After finding the line with "388 Aruba Cir, Bradenton, FL" in the data below, set down exactly each line through the one with "Photo 42 of", inclusive, and stop there.

§

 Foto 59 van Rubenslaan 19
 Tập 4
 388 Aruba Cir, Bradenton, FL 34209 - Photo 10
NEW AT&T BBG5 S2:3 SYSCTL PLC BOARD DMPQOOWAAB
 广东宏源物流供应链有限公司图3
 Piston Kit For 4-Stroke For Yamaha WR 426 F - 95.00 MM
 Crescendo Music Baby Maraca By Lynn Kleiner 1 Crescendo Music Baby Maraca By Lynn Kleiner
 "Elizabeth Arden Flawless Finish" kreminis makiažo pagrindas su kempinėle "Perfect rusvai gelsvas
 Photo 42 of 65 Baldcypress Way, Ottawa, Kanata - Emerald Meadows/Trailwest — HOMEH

§

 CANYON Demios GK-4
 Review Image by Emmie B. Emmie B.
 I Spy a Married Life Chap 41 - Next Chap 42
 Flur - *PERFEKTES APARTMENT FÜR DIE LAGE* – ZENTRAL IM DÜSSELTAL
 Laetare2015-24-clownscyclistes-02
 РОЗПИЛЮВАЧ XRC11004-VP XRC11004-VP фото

§

:: YOUR SOLUTION ::
 388 Aruba Cir, Bradenton, FL 34209 - Photo 10
NEW AT&T BBG5 S2:3 SYSCTL PLC BOARD DMPQOOWAAB
 广东宏源物流供应链有限公司图3
 Piston Kit For 4-Stroke For Yamaha WR 426 F - 95.00 MM
 Crescendo Music Baby Maraca By Lynn Kleiner 1 Crescendo Music Baby Maraca By Lynn Kleiner
 "Elizabeth Arden Flawless Finish" kreminis makiažo pagrindas su kempinėle "Perfect rusvai gelsvas
 Photo 42 of 65 Baldcypress Way, Ottawa, Kanata - Emerald Meadows/Trailwest — HOMEH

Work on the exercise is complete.